Antje Lingner, a former graphic designer who attended Patterson's workshops in New Brunswick for three years in a row in the mid-1970s, was at a recent one-day Toronto seminar. "I'm still learning from him," she says. "Whatever he does, it's always fresh and inspiring." A dozen years ago, she took a friend's teenage son who was unsure of his career aspirations to a session. According to Lingner, at the end of the day the young man, Peter Fleming, said he knew what he wanted to do with his life. "It focused him, not on photography specifically, but on a creative life," she recalls. Now, Fleming is a 36-year-old artisan who crafts fine furniture, and has his pieces exhibited in galleries.

If the New Brunswick sessions are the most heavily attended ones - Patterson holds them in June, July and October - the South African ones are certainly the most exotic. Since 1980, Patterson has travelled regularly to the isolated mountain desert in Namaqualand, near the Namibian border. He loves to photograph the spectacular desert flowers that bloom unpredictably depending on the weather.

Namaqualand is light-years away from Patterson's beginnings on the Kingston Peninsula in rural New Brunswick. The eldest of two children, he grew up doing chores on the family farm, which overlooks the Saint John River and Belleisle Bay.

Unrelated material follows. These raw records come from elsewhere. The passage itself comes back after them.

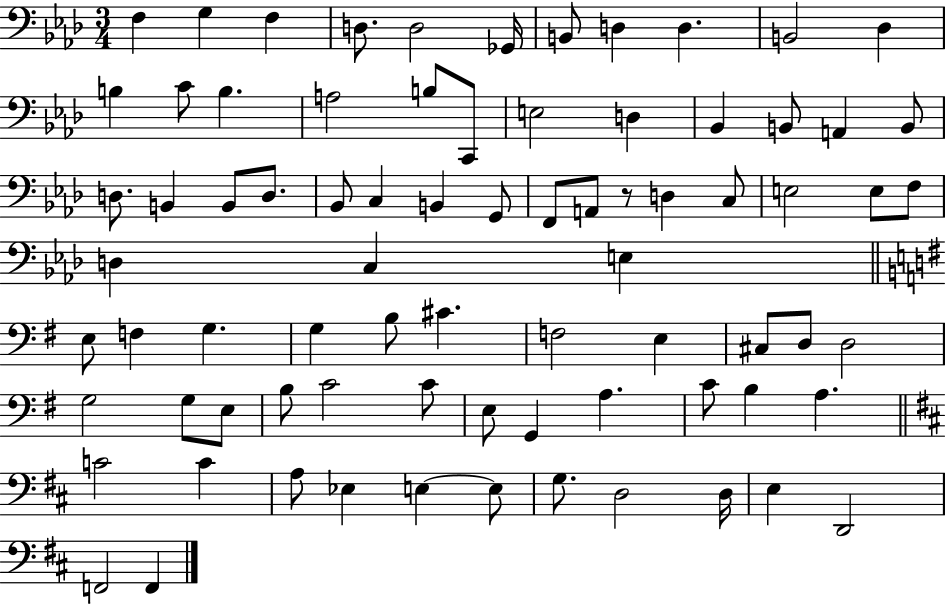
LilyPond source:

{
  \clef bass
  \numericTimeSignature
  \time 3/4
  \key aes \major
  f4 g4 f4 | d8. d2 ges,16 | b,8 d4 d4. | b,2 des4 | \break b4 c'8 b4. | a2 b8 c,8 | e2 d4 | bes,4 b,8 a,4 b,8 | \break d8. b,4 b,8 d8. | bes,8 c4 b,4 g,8 | f,8 a,8 r8 d4 c8 | e2 e8 f8 | \break d4 c4 e4 | \bar "||" \break \key g \major e8 f4 g4. | g4 b8 cis'4. | f2 e4 | cis8 d8 d2 | \break g2 g8 e8 | b8 c'2 c'8 | e8 g,4 a4. | c'8 b4 a4. | \break \bar "||" \break \key d \major c'2 c'4 | a8 ees4 e4~~ e8 | g8. d2 d16 | e4 d,2 | \break f,2 f,4 | \bar "|."
}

He had a difficult relationship with his father, an authoritarian who had little use for the rosebushes that the teenage Patterson had planted, and dug them up. However, he had a deep bond with his mother who, he says, was an intuitive woman with a deep appreciation of nature and color. The esthetic sense she nurtured in Patterson would lead him to photography, which he describes as "a passport from the kind of life I expected to the kind of life I wanted."

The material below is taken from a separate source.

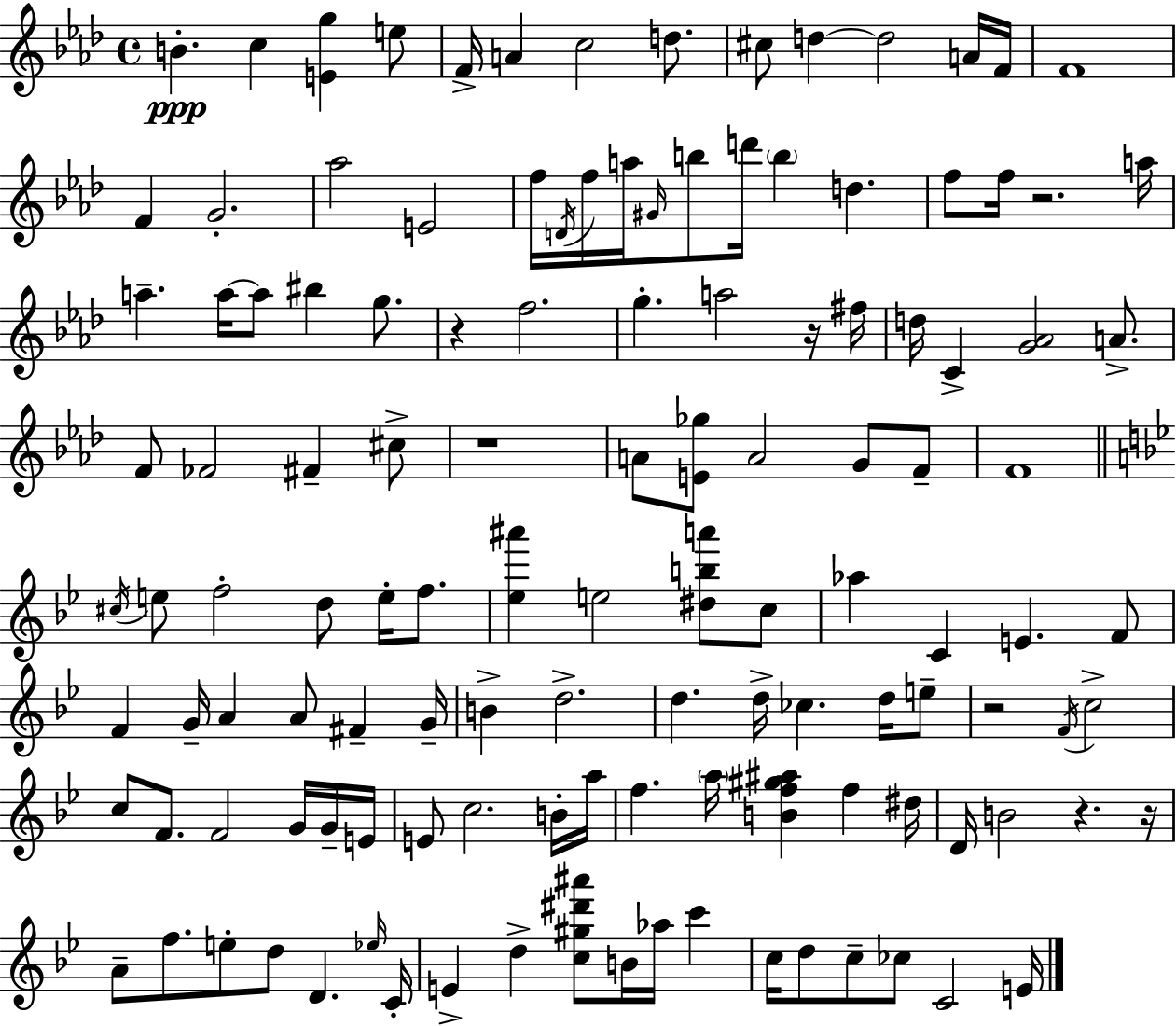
B4/q. C5/q [E4,G5]/q E5/e F4/s A4/q C5/h D5/e. C#5/e D5/q D5/h A4/s F4/s F4/w F4/q G4/h. Ab5/h E4/h F5/s D4/s F5/s A5/s G#4/s B5/e D6/s B5/q D5/q. F5/e F5/s R/h. A5/s A5/q. A5/s A5/e BIS5/q G5/e. R/q F5/h. G5/q. A5/h R/s F#5/s D5/s C4/q [G4,Ab4]/h A4/e. F4/e FES4/h F#4/q C#5/e R/w A4/e [E4,Gb5]/e A4/h G4/e F4/e F4/w C#5/s E5/e F5/h D5/e E5/s F5/e. [Eb5,A#6]/q E5/h [D#5,B5,A6]/e C5/e Ab5/q C4/q E4/q. F4/e F4/q G4/s A4/q A4/e F#4/q G4/s B4/q D5/h. D5/q. D5/s CES5/q. D5/s E5/e R/h F4/s C5/h C5/e F4/e. F4/h G4/s G4/s E4/s E4/e C5/h. B4/s A5/s F5/q. A5/s [B4,F5,G#5,A#5]/q F5/q D#5/s D4/s B4/h R/q. R/s A4/e F5/e. E5/e D5/e D4/q. Eb5/s C4/s E4/q D5/q [C5,G#5,D#6,A#6]/e B4/s Ab5/s C6/q C5/s D5/e C5/e CES5/e C4/h E4/s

But the route to that life was indirect. Patterson attended Acadia University - where he started taking pictures as a hobby - before winning a scholarship to New York City's Union Theological Seminary at Columbia University. But even then his bent was clear: his master's thesis was entitled "Still Photography as a Medium of Religious Expression." His big breakthrough came with a National Film Board project, headed by former NFB executive producer Lorraine Monk, for a lavish photography book that would celebrate Canada's beauty. Intended to mark the country's centennial, it was called Canada: A Year of the Land. "When I started out, photography had no value in galleries," he recalls. "It was regarded simply as social documentary, and it had a very urban focus. Lorraine Monk helped change all that - she recognized that the land had enormous spiritual value for people." He admits, though, that even now "I hate the nature photography label. An image can become an exciting wash of color, or movement of line, and pretty soon it's irrelevant that it's a flower."

Thirty years after "Canada: A Year of the Land", Patterson is still photographing his native country. Although he has crawled across glaciers, hiked in desolate Chilean mountains and camped in African deserts, he says that his own farm [and exquisite gardens] offers just as many photographic sites as anywhere else in the world. "I like to dispel the notion that other places are more exotic than home," he says, pointing out that photos taken near Shamper's Bluff figure just as often in ShadowLight as those from faraway locales. He has donated a large portion of his 150-acre property to The Nature Conservancy of Canada as an ecological reserve. "It's incumbent upon my generation to do things like this," he says, explaining that he has kept some land for himself and for his aunt, who lives close by.

Next month, Patterson heads to New Zealand for three workshops, and then to South Africa for two. He will return in April to his beloved Shamper's Bluff - just in time for the spring flowers.